More power to the people

A new book urges companies to think on democratic lines.

TO THE average chief executive, the idea of a ‘democratic enterprise’ probably falls under ‘nice on paper, hopeless in practice’, rather like stakeholding or being kind to the environment.

Not so, insists Lynda Gratton, author of a new book The Democratic Enterprise , (FT Prentice Hall) and a professor of management practice – she says pointedly – not theory , at London Business School. She maintains that democracy is both necessary and do-able.

Although few companies can claim to be perfectly democratic just yet (with the possible exception of Brazil’s Semco), elements of democracy can be found in firms such as BT, McKinsey and BP, and Gratton uses them as the context for her studies of, among other issues, individuals who are taking charge of their working lives. She sees her role as both illuminating the path ahead and giving people confidence to test it out.

‘There are immense pressures to preserve the status quo,’ she says.
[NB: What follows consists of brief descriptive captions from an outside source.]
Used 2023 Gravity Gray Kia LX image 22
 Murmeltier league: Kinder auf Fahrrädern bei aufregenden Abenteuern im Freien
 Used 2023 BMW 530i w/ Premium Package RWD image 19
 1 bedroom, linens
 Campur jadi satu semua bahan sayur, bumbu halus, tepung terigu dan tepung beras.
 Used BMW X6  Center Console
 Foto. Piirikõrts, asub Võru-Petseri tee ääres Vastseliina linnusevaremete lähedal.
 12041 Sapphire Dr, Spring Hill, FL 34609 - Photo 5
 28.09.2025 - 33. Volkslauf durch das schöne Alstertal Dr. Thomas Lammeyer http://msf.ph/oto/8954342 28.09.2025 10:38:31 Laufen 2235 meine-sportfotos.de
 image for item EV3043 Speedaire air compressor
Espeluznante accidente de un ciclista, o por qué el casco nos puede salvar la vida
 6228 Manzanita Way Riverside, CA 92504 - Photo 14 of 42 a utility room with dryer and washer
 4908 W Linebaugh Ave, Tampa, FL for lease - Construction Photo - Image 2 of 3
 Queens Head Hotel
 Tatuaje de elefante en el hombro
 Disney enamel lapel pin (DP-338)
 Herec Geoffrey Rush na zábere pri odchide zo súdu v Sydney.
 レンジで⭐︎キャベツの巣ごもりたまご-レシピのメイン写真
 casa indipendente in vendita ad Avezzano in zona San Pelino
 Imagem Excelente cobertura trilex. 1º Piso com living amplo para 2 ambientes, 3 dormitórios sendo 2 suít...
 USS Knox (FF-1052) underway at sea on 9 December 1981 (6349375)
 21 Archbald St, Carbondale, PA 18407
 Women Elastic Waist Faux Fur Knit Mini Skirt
Search most middle managers and you’ll find a ‘right to manage’ tattoo somewhere about their person. Much widely applied performance management is simply command-and-control with the edges rounded off. The lure of the heroic leader, particularly in times of change, is still strong.

So why should companies want to want to think about the tenets of democracy? For good instrumental reasons, Gratton believes. One is demographic. An alarming proportion of today’s young people – Generation X and Y – are voting with their feet, refusing to replicate what they see as the mistake of their parents in tying themselves to companies that later betrayed them. They are asserting their desire for a different balance by turning their backs on the corporate sector.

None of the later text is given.